Being a noob in Scala / Spark, am a bit stuck and would appreciate any help!
Am importing JSON data into a Spark Data Frame. In the process, I end up getting a Data frame having the same nested structure present in the JSON input.
My aim is to flatten the entire Data Frame recursively (including the inner most child attributes in an array / dictionary), using Scala.
Additionally, there may be children attributes which have the same names. Hence, need to differentiate them as well.

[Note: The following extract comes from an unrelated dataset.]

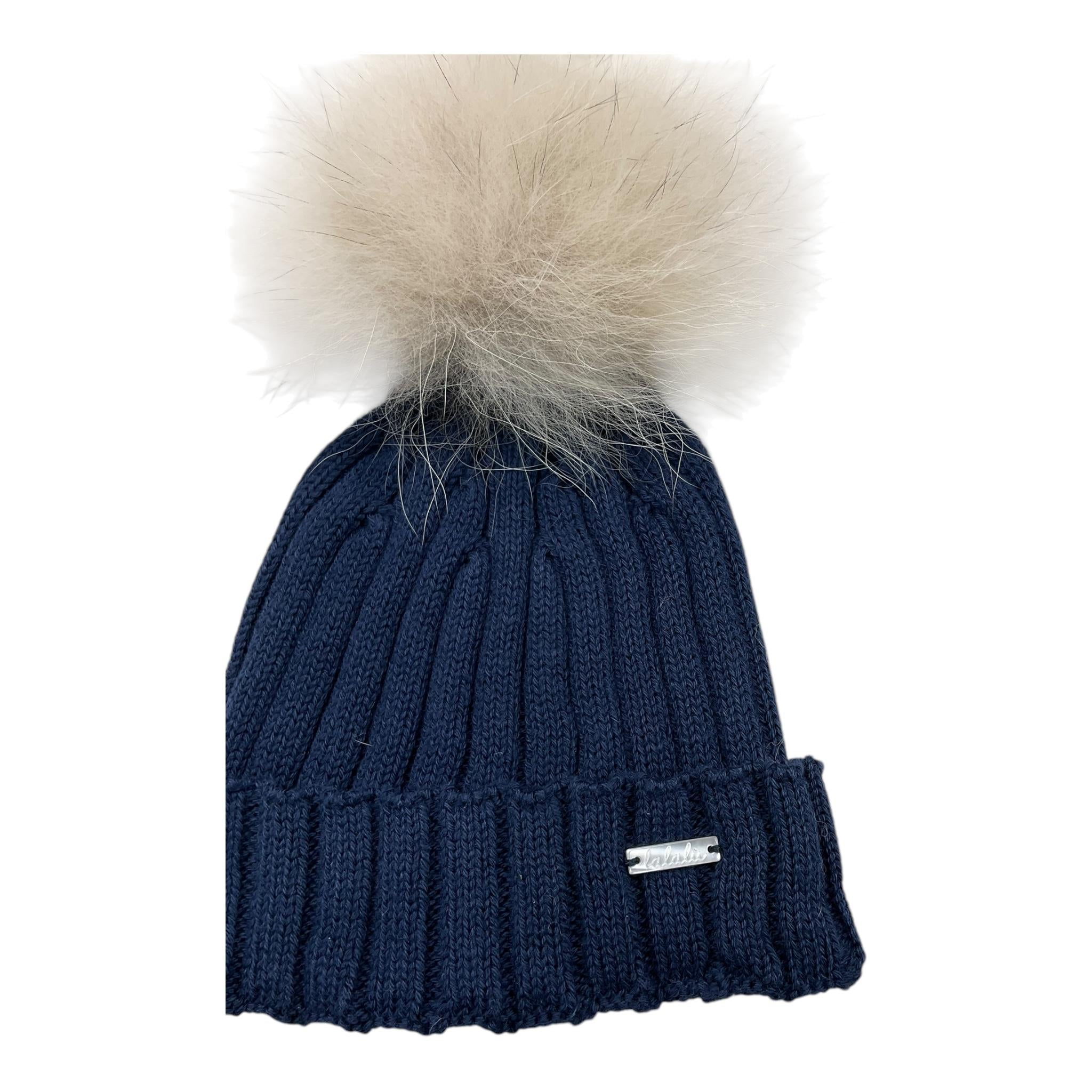 LALALU' cappello tinta unita con pon pon Blu per Neonato CAL12N BLU LALALU' 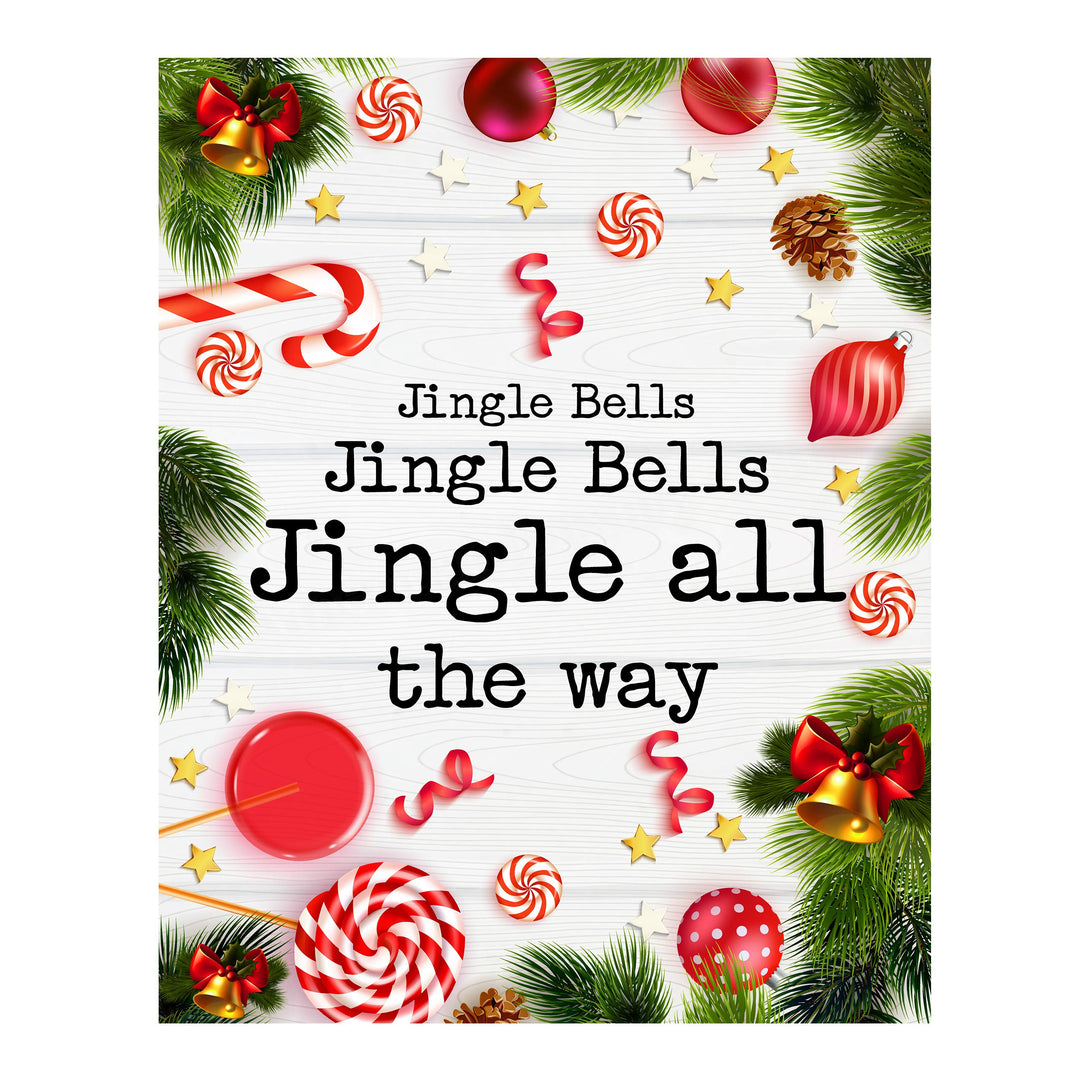 Jingle Bells-Jingle All the Way Christmas Song Wall Art Decor -11 x 14" Holiday Music Wall Print -Ready to Frame. Typographic Home-Welcome-Kitchen-Farmhouse Decor. Display Your Holiday Joy!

A somewhat similar solution (same child attributes for different parents) is shown here - https://stackoverflow.com/a/38460312/3228300
An example of what I am hoping to achieve is as follows:
{
"id": "0001",
"type": "donut",
"name": "Cake",
"ppu": 0.55,
"batters":
{
"batter":
[
{ "id": "1001", "type": "Regular" },
{ "id": "1002", "type": "Chocolate" },
{ "id": "1003", "type": "Blueberry" },
{ "id": "1004", "type": "Devil's Food" }
]
},
"topping":
[
{ "id": "5001", "type": "None" },
{ "id": "5002", "type": "Glazed" },
{ "id": "5005", "type": "Sugar" },
{ "id": "5007", "type": "Powdered Sugar" },
{ "id": "5006", "type": "Chocolate with Sprinkles" },
{ "id": "5003", "type": "Chocolate" },
{ "id": "5004", "type": "Maple" }
]
}
The corresponding flattened output Spark DF structure would be:
{
"id": "0001",
"type": "donut",
"name": "Cake",
"ppu": 0.55,
"batters_batter_id_0": "1001",
"batters_batter_type_0": "Regular",
"batters_batter_id_1": "1002",
"batters_batter_type_1": "Chocolate",
"batters_batter_id_2": "1003",
"batters_batter_type_2": "Blueberry",
"batters_batter_id_3": "1004",
"batters_batter_type_3": "Devil's Food",
"topping_id_0": "5001",
"topping_type_0": "None",
"topping_id_1": "5002",
"topping_type_1": "Glazed",
"topping_id_2": "5005",
"topping_type_2": "Sugar",
"topping_id_3": "5007",
"topping_type_3": "Powdered Sugar",
"topping_id_4": "5006",
"topping_type_4": "Chocolate with Sprinkles",
"topping_id_5": "5003",
"topping_type_5": "Chocolate",
"topping_id_6": "5004",
"topping_type_6": "Maple"
}
Not having worked much with Scala and Spark previously, am unsure how to proceed.
Lastly, would be extremely thankful if someone can please help with the code for a general / non-schema solution as I need to be applying it to a lot of different collections.
Thanks a lot :)